Hey John,
I'm encountering a similar problem where the server or client can no longer make the connection. My strongest theory is that my rails client using couchrest-0.33 is not giving up the file descriptors and too many files are being opened on the linux machine.

I am using a smaller dataset(400K docs, DB is roughly 900 MB) but with an intensive word counting/doc similarity view.

I haven't really had time to take a deeper look yet so it's not solved for me yet either. As a workaround, i just used couchdb as a storage bin and using pig/ hadoop to make my necessary computations.

Take a look at the "couchdb server connection refused error" thread on this mailing list.
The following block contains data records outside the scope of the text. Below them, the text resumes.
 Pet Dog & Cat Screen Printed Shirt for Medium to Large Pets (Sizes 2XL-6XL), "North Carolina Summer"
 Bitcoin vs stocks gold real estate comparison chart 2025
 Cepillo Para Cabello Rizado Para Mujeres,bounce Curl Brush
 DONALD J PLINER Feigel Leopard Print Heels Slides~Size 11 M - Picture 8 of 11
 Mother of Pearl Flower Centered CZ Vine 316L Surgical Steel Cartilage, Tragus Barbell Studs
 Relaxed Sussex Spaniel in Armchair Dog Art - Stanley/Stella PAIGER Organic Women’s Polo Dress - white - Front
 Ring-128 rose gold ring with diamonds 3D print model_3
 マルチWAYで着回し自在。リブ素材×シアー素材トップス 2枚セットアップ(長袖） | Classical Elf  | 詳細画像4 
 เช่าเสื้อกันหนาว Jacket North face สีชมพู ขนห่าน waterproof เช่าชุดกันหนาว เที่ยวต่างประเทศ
It might be of some help.

http://mail-archives.apache.org/mod_mbox/couchdb-user/200908.mbox/%[email protected]%3e


Tommy

El Sep 1, 2009, a las 11:19 AM, John Wood escribió:

Thanks for the reply Chris.

I'll look into upgrading our test environment to the trunk version of
CouchDB, and see if I can reproduce the error there.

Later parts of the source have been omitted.